Example Draft Artwork — Digital Integrity (Secure)
The visuals below are draft artwork for demonstration. Final colors, spacing, and minimum-size rules will be defined in the IAF Brand Guidelines.
IAF Secure Vehicle
For certified vehicle models meeting Digital Integrity criteria (secure updates, cryptography, privacy-by-design).
- Tier & Certificate ID required
- Recommended: window decal / digital certificate QR
IAF Secure Product
For certified components/modules (ECUs, telematics, sensors) conforming to secure SDLC & firmware integrity.
- Tier & Certificate ID required
- Datasheet/packaging placement; min. print width 20 mm
IAF Secure Service
For certified services (cloud/OTA platforms, SOC, data processing) under accredited security processes.
- Tier & Certificate ID required
- Use on reports, dashboards, facility signage
Application & Assessment
- Intake & completeness check (7 days)
- Dual SME review (Cyber & Safety experts)

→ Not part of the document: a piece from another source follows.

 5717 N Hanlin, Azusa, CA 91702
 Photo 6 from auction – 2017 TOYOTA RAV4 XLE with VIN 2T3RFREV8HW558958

- Witness test or panel hearing
- Scoring & decision by Digital Integrity Committee
- Certification issuance
- Annual surveillance, pen-test rerun every 24 months
Timeline & Contact
Committee Draft issued
30-day public comment window opens; structured feedback encouraged (change requests, test evidence, threat cases).
Pilot audits (field validation)
1 OEM, 1 Tier-1 supplier, 1 OTA platform. Scope: software update integrity, key management, telemetry protection, incident reporting.
Feature freeze & change control
Critical issues only; editorial fixes continue. Final ballot package prepared for committee vote.
Target final publication
Digital Integrity Standard v1.0 released; accreditation criteria & audit guide v1.0 published.
Implementation guidance
Practitioner’s guide, sample evidence pack, and assessors’ checklist v1.1 (post-release errata incorporated).